P.K. : Le traité de Rome a combiné le droit romano-germanique et la common law britannique. De tous les statuts des tribunaux internationaux jusqu’ici créés, c’est le texte le plus détaillé, notamment sur les règles en matière de preuve et de procédure. Les plaignants bénéficient d’une meilleure écoute, grâce à l’existence dans le greffe d’une division d’aide aux victimes et aux témoins. À la différence des juridictions antérieures créées par le Conseil de sécurité de l’ONU, la CPI est l’oeuvre directe de la communauté internationale.
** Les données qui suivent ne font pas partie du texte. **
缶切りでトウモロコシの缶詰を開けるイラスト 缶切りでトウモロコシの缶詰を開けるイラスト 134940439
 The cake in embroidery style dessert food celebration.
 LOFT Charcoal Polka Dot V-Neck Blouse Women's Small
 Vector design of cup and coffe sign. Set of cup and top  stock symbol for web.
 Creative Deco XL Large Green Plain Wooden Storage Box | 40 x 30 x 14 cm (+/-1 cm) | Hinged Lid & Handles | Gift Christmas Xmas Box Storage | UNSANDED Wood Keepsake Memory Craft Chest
Le tribunal de Nuremberg a toutefois créé une jurisprudence sur les crimes de guerre et les crimes contre l’humanité, reprise par les tribunaux ad hoc pour le Rwanda et l’ex-Yougoslavie, et dont le traité de Rome s’est inspiré pour concevoir la CPI.
J.A.I. : Avez-vous les moyens de faire face à vos attributions ?
P.K. : Nous avons une assise financière solide reposant sur les contributions obligatoires des 90 États ayant ratifié le traité de Rome. Le budget, qui était de 30 millions d’euros cette année, va passer à 50 millions pour le prochain exercice. Aujourd’hui au nombre de 70, les employés de la Cour vont passer à 100 avant la fin de l’année, puis à 200 en 2004. Nous occupons actuellement une tour de quatorze étages à La Haye, en attendant d’emménager d’ici à quelques années dans les locaux propres de la CPI. Car le siège actuel ne se prête pas au règlement simultané de plusieurs affaires.
J.A.I. : Vous n’avez ni police pour arrêter les accusés, ni prison pour les détenir. N’êtes-vous pas trop tributaire de la bonne volonté des États ?
P.K. : À la différence des tribunaux ad hoc, la CPI est née de la volonté des États. En signant le traité de Rome, ceux-ci se sont engagés à coopérer pleinement avec elle, à arrêter et à lui transférer leurs ressortissants poursuivis, à fournir les informations utiles. Ces obligations sont contenues dans la partie 9 du traité. Les États doivent également détenir les condamnés. À défaut, les Pays-Bas, notre pays hôte, se sont proposés de s’en charger.
J.A.I. : L’hostilité des États-Unis à l’égard de la CPI est-elle fondée ?
P.K. : L’accusation selon laquelle la CPI pourrait être politiquement instrumentalisée contre les intérêts américains est, en tout cas, infondée. La Cour va prouver, à la tâche, qu’elle est une juridiction impartiale, attachée à l’application du droit.
J.A.I. : La CPI va-t-elle poursuivre les fossoyeurs des droits de l’homme en Afrique ?
P.K. : C’est au procureur de décider, le cas échéant, des poursuites après examen des « communications » qui lui ont été adressées. Les Africains ont fait bloc à Rome pour que la CPI voie le jour, conscients de ce qu’elle peut avoir comme impact dans leur vécu.
J.A.I. : Qu’apportent les trois juges africaines à la CPI ?
P.K. : Elles apportent leurs spécificités culturelles, leurs parcours professionnels originaux et surtout leurs compétences. Akua Kuenyehia est professeur de droit international pénal. Fatoumata Dembele Diarra a été juge au TPIY. Navanethem Pillay, qui a dirigé le TPIR, nous honore pour avoir été désignée comme l’un des dix héros de l’Afrique du Sud.